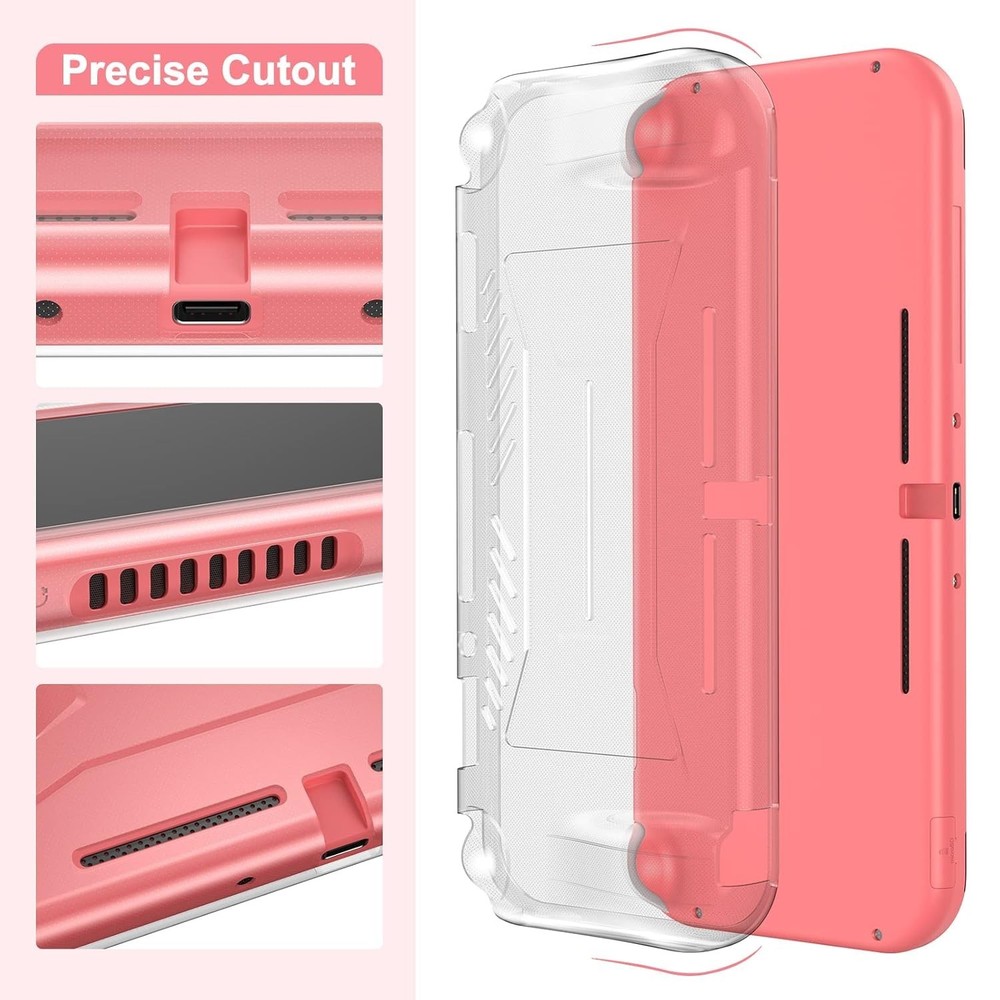 Switch Lite Accessories Bundle Hard Shell Case Screen Protector Game Holder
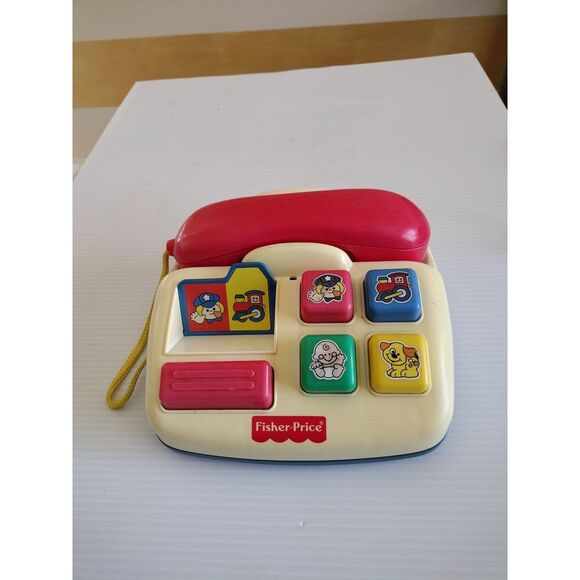 Fisher Price Ring and Rattle Phone Vintage Toy 1998 sound play toddler - Picture 2 of 8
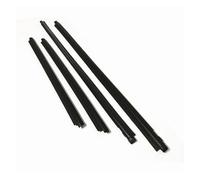 Burletes Goma 4 Piezas Burletes Para Ventanas Y Puertas Laterales Para Toyota Para Vios 2007-2013 Incluye Molduras Goma Sellos Exteriores Automóviles Tira Sellado(2002-2007)
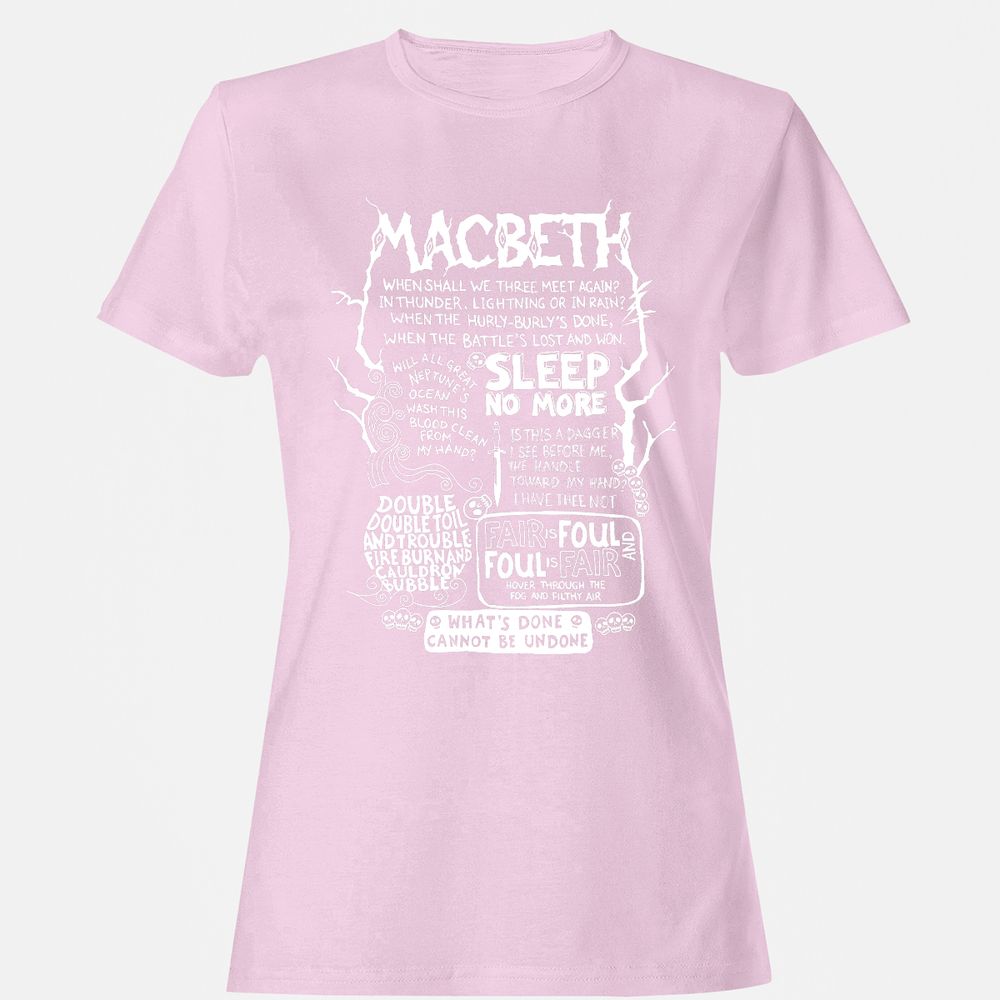 Women's T-Shirt - 3WA4VR1Q - Light Pink - 9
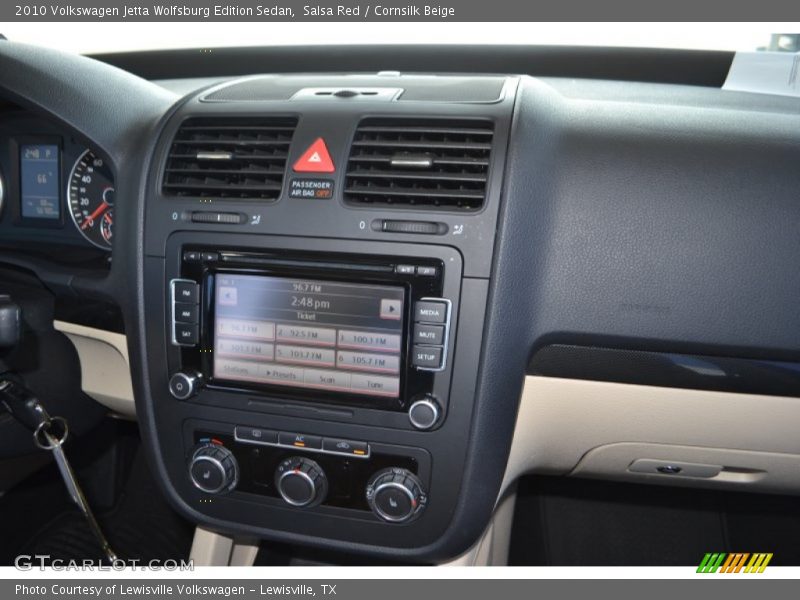 Salsa Red / Cornsilk Beige 2010 Volkswagen Jetta Wolfsburg Edition Sedan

■ Try it:
Every entry in the listing is to be duplicated precisely, except for its pictures.

■ Your solution:
 Switch Lite Accessories Bundle Hard Shell Case Screen Protector Game Holder
 Fisher Price Ring and Rattle Phone Vintage Toy 1998 sound play toddler - Picture 2 of 8
 Burletes Goma 4 Piezas Burletes Para Ventanas Y Puertas Laterales Para Toyota Para Vios 2007-2013 Incluye Molduras Goma Sellos Exteriores Automóviles Tira Sellado(2002-2007)
 Women's T-Shirt - 3WA4VR1Q - Light Pink - 9
 Salsa Red / Cornsilk Beige 2010 Volkswagen Jetta Wolfsburg Edition Sedan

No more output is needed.